**Data for review**
#####

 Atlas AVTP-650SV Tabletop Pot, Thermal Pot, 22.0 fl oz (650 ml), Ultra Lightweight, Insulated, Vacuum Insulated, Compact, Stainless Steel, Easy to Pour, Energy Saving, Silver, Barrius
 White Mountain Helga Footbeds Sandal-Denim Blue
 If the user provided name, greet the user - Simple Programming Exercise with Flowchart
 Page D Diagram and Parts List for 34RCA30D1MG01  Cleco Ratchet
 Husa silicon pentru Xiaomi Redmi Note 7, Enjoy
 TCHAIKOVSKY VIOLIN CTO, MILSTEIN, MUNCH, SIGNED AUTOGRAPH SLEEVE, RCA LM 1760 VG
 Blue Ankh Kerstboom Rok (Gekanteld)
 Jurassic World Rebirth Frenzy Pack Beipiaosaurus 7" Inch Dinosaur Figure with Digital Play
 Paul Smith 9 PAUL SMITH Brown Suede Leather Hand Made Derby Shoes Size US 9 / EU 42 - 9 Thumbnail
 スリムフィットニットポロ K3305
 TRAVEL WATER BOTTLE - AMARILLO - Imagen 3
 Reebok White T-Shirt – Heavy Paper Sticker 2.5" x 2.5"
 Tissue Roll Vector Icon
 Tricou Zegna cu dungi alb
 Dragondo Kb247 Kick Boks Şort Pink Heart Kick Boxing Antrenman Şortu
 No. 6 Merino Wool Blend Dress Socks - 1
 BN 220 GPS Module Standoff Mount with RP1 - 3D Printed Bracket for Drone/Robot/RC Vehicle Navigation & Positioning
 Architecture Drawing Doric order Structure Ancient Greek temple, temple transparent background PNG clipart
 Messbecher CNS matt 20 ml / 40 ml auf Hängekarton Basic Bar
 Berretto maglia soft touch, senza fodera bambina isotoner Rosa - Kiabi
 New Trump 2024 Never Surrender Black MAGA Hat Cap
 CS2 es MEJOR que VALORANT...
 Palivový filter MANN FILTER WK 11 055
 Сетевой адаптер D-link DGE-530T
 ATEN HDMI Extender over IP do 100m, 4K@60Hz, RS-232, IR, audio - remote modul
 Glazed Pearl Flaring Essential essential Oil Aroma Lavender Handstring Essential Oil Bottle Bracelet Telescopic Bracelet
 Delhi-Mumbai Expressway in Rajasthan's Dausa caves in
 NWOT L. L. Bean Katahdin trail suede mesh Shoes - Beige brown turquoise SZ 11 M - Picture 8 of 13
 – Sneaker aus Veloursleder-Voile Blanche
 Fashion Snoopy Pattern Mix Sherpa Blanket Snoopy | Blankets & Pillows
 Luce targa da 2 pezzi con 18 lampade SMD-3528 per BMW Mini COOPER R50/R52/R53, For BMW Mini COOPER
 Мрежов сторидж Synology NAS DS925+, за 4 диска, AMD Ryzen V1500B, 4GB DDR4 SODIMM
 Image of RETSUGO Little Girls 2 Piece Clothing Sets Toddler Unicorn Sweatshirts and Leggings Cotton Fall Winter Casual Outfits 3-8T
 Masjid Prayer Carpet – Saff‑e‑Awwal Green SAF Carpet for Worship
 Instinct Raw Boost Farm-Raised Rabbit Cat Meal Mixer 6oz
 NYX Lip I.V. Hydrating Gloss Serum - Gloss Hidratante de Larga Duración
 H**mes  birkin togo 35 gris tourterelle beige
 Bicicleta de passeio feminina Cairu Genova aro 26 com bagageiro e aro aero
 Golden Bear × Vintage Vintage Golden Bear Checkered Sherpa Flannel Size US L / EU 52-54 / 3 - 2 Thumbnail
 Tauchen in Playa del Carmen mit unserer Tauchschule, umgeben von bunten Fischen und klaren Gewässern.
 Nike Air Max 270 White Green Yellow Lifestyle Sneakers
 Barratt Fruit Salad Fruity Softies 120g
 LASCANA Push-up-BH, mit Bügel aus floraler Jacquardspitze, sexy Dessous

#####

**The problem**
Output each entry once again, exactly as shown above.

**Answer to this exercise**
 Atlas AVTP-650SV Tabletop Pot, Thermal Pot, 22.0 fl oz (650 ml), Ultra Lightweight, Insulated, Vacuum Insulated, Compact, Stainless Steel, Easy to Pour, Energy Saving, Silver, Barrius
 White Mountain Helga Footbeds Sandal-Denim Blue
 If the user provided name, greet the user - Simple Programming Exercise with Flowchart
 Page D Diagram and Parts List for 34RCA30D1MG01  Cleco Ratchet
 Husa silicon pentru Xiaomi Redmi Note 7, Enjoy
 TCHAIKOVSKY VIOLIN CTO, MILSTEIN, MUNCH, SIGNED AUTOGRAPH SLEEVE, RCA LM 1760 VG
 Blue Ankh Kerstboom Rok (Gekanteld)
 Jurassic World Rebirth Frenzy Pack Beipiaosaurus 7" Inch Dinosaur Figure with Digital Play
 Paul Smith 9 PAUL SMITH Brown Suede Leather Hand Made Derby Shoes Size US 9 / EU 42 - 9 Thumbnail
 スリムフィットニットポロ K3305
 TRAVEL WATER BOTTLE - AMARILLO - Imagen 3
 Reebok White T-Shirt – Heavy Paper Sticker 2.5" x 2.5"
 Tissue Roll Vector Icon
 Tricou Zegna cu dungi alb
 Dragondo Kb247 Kick Boks Şort Pink Heart Kick Boxing Antrenman Şortu
 No. 6 Merino Wool Blend Dress Socks - 1
 BN 220 GPS Module Standoff Mount with RP1 - 3D Printed Bracket for Drone/Robot/RC Vehicle Navigation & Positioning
 Architecture Drawing Doric order Structure Ancient Greek temple, temple transparent background PNG clipart
 Messbecher CNS matt 20 ml / 40 ml auf Hängekarton Basic Bar
 Berretto maglia soft touch, senza fodera bambina isotoner Rosa - Kiabi
 New Trump 2024 Never Surrender Black MAGA Hat Cap
 CS2 es MEJOR que VALORANT...
 Palivový filter MANN FILTER WK 11 055
 Сетевой адаптер D-link DGE-530T
 ATEN HDMI Extender over IP do 100m, 4K@60Hz, RS-232, IR, audio - remote modul
 Glazed Pearl Flaring Essential essential Oil Aroma Lavender Handstring Essential Oil Bottle Bracelet Telescopic Bracelet
 Delhi-Mumbai Expressway in Rajasthan's Dausa caves in
 NWOT L. L. Bean Katahdin trail suede mesh Shoes - Beige brown turquoise SZ 11 M - Picture 8 of 13
 – Sneaker aus Veloursleder-Voile Blanche
 Fashion Snoopy Pattern Mix Sherpa Blanket Snoopy | Blankets & Pillows
 Luce targa da 2 pezzi con 18 lampade SMD-3528 per BMW Mini COOPER R50/R52/R53, For BMW Mini COOPER
 Мрежов сторидж Synology NAS DS925+, за 4 диска, AMD Ryzen V1500B, 4GB DDR4 SODIMM
 Image of RETSUGO Little Girls 2 Piece Clothing Sets Toddler Unicorn Sweatshirts and Leggings Cotton Fall Winter Casual Outfits 3-8T
 Masjid Prayer Carpet – Saff‑e‑Awwal Green SAF Carpet for Worship
 Instinct Raw Boost Farm-Raised Rabbit Cat Meal Mixer 6oz
 NYX Lip I.V. Hydrating Gloss Serum - Gloss Hidratante de Larga Duración
 H**mes  birkin togo 35 gris tourterelle beige
 Bicicleta de passeio feminina Cairu Genova aro 26 com bagageiro e aro aero
 Golden Bear × Vintage Vintage Golden Bear Checkered Sherpa Flannel Size US L / EU 52-54 / 3 - 2 Thumbnail
 Tauchen in Playa del Carmen mit unserer Tauchschule, umgeben von bunten Fischen und klaren Gewässern.
 Nike Air Max 270 White Green Yellow Lifestyle Sneakers
 Barratt Fruit Salad Fruity Softies 120g
 LASCANA Push-up-BH, mit Bügel aus floraler Jacquardspitze, sexy Dessous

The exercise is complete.